Problem to work on: Please reproduce exactly, and only, the line containing "this 1000×607 image." and every line after it to the end of the records below, leaving out all pictures.
───── Data under study ─────
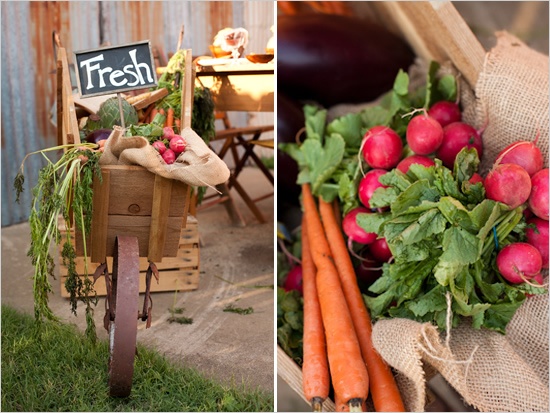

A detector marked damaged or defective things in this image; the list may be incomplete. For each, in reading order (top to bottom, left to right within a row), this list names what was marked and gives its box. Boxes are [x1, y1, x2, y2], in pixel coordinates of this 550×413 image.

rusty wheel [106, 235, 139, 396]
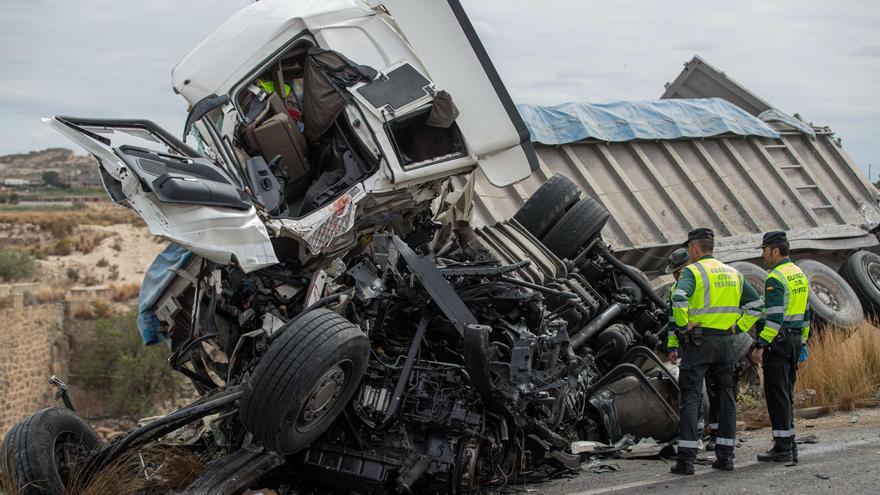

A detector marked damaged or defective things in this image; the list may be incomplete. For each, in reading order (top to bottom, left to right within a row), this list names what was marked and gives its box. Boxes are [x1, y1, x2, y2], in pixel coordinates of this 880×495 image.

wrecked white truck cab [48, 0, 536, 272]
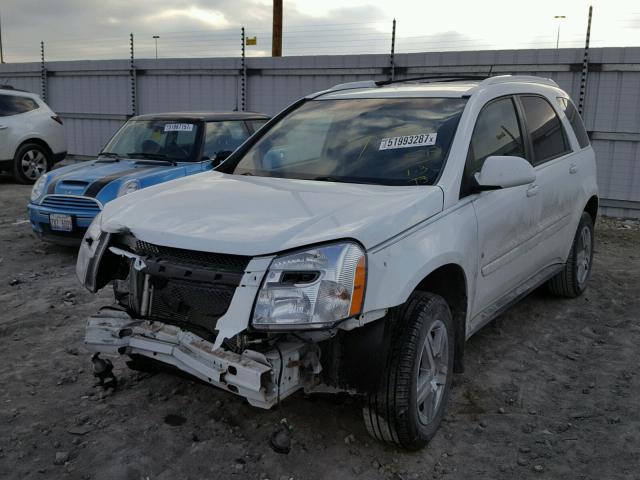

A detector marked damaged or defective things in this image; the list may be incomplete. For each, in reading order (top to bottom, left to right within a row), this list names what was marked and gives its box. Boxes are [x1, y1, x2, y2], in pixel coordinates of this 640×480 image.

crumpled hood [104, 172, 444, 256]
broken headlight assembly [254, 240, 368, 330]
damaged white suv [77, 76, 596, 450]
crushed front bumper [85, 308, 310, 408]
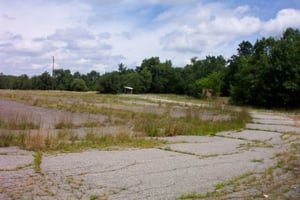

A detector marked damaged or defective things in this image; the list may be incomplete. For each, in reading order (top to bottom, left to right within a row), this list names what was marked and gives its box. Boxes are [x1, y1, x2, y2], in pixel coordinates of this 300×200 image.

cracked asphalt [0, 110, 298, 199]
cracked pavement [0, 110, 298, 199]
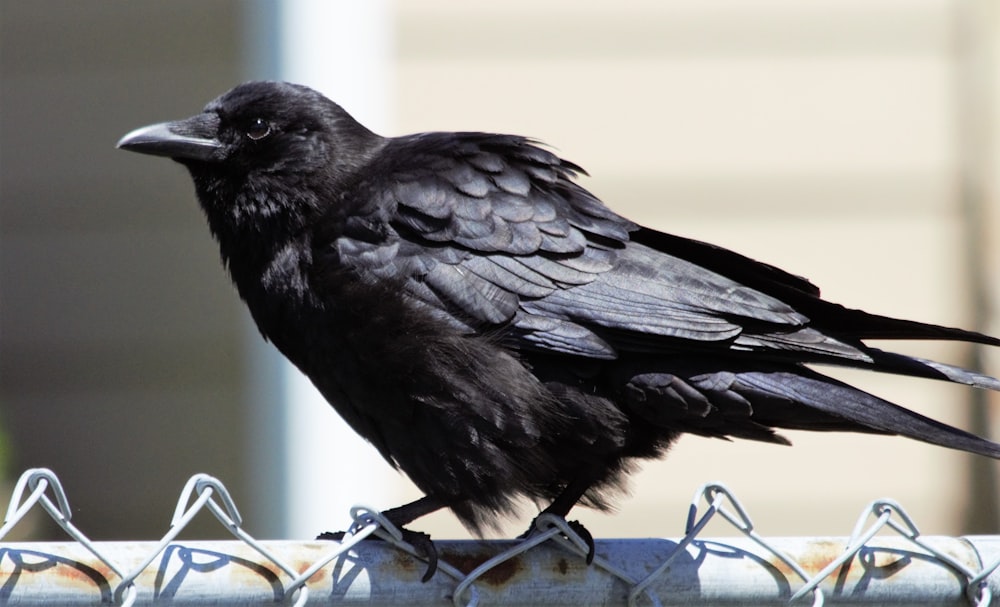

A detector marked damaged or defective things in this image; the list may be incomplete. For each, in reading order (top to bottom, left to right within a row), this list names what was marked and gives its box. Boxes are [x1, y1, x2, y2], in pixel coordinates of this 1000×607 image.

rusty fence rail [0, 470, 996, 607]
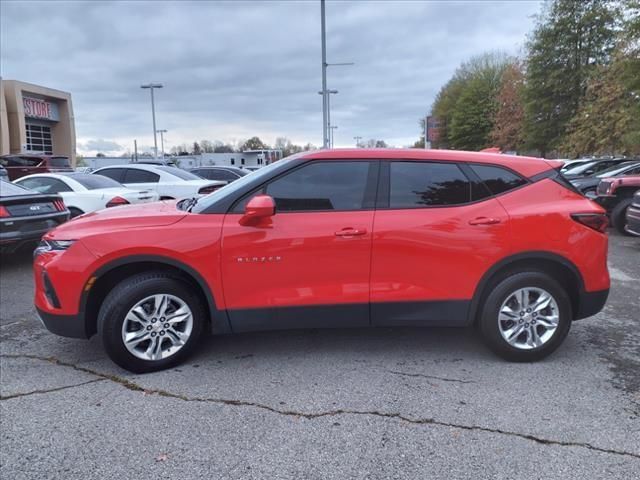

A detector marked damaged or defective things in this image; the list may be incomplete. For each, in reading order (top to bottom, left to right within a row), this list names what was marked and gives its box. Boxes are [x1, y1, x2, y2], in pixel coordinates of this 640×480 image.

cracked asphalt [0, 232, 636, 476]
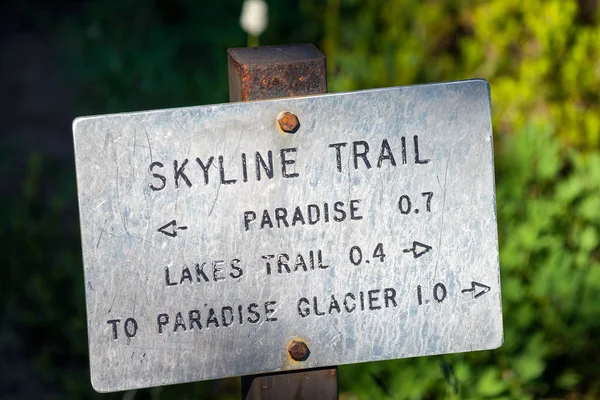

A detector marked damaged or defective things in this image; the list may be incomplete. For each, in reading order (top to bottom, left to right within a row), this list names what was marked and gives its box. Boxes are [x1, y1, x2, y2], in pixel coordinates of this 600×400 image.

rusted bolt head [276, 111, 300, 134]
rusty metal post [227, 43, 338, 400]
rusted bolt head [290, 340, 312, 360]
─────
Solution for this exercise:
A detector marked damaged or defective things in this image; the list may be incomplete. For each, in reading order (top to bottom, left to right within a row), this list names what was marked and gives its box. Boxes are [x1, y1, x2, y2], in pixel coordinates of this 1000×607 image.

rusty fence rail [0, 470, 996, 607]

A detector marked damaged or defective things in this image; the list may be incomplete. For each, in reading order (top to bottom, left to right within a row), this list names what was marked and gives its box. Boxes are [x1, y1, x2, y2], in pixel coordinates of this 640×480 image.

cracked asphalt [0, 232, 636, 476]

A detector marked damaged or defective things in this image; the list may be incomplete. For each, in reading order (top to bottom, left to right within a row), this list names what was marked and gives its box. Boxes are [x1, y1, x2, y2], in pixel coordinates of this 600×400 image.

rusted bolt head [276, 111, 300, 134]
rusty metal post [227, 43, 338, 400]
rusted bolt head [290, 340, 312, 360]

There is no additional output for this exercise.